Der Roman "Die Konkurrentin" von Hans-Werner Kettenbach hat mich
enttäuscht. Da ich begeistert war von "
Davids Rache" und "Der
Pascha" hatte ich mich auch auf den neuen Kettenbach gefreut. Beschrieben
werden die Auswirkungen eines kommunalen Machtkampfes einer Frau auf deren
Familie. Lene Anweiler möchte Bürgermeisterin einer Großstadt (die
Anspielungen auf Kettenbachs Heimatstadt Köln sind vorhanden) werden. Doch
dafür muss sie zunächst von ihrer konservativen Mehrheitspartei nominiert
werden. Lene Anweiler ist als Außenseiterin eher dem gemäßigten Flügel ihrer
Partei zuzurechnen. Günther Nelles, skrupelloser Immobilienmakler, ist Kandidat
des rechten Parteiflügels. Er gilt als rücksichtslos und scheut vor üblen
Intrigen nicht zurück. Dies wird auch durch Schilderungen aus seiner
Vergangenheit verdeutlicht. Wird sich Lene durchsetzen? Welche Auswirkungen hat
der Machtkampf auf ihre Persönlichkeit? Wie wird sich die Beziehung zu ihrer
Familie gestalten? Diese Fragen stellt sich ihr wesentlich älterer Mann
Raimund, 71, Arzt im Ruhestand. Er sieht die Entwicklung mit zunehmender Sorge,
zumal er in einem Alter ist, in dem das Ruhebedürfnis wächst. Lena respektiert
seine Wärme und Anlehnung, hält ihn allerdings für unpolitisch. Kettenbach
gelingt es erneut, die "Ängste der bürgerlichen Mittelschicht"

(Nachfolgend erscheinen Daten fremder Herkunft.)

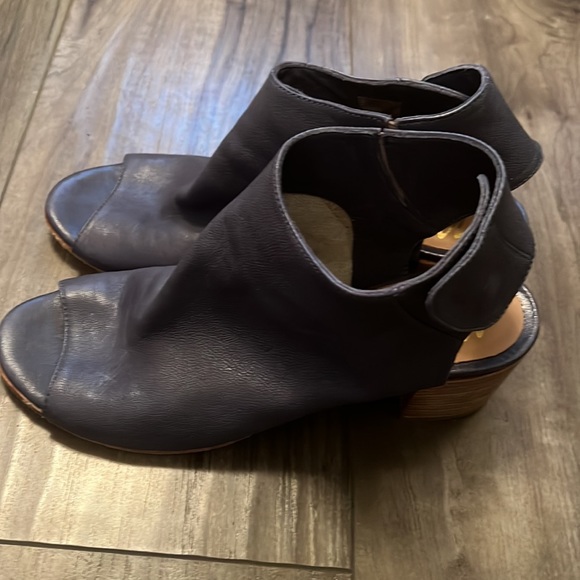 Mimosa blue leather bootie with open toe - Picture 2 of 6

plausibel darzustellen. ähnlich wie Oberstudienrat Kästner in "
Davids Rache" könnte man von
Ängsten eines Spießers sprechen, die zum Teil schwer nachvollziehbar sind. Was
bei Kästner in dem anderen Buch allerdings in Verfolgungswahn ausartet, wirkt
hier plausibler und weniger aufgesetzt. Die Sorgen Raimunds werden jedoch sehr
subtil beschrieben: "Mag sein, daß das alles nur Alpträume, nur
Hirngespinste sind", lässt Kettenbach seinen Protagonisten auf S. 145 der
gebundenen Ausgabe aussprechen. "Aber darauf kann ich mich nicht verlassen.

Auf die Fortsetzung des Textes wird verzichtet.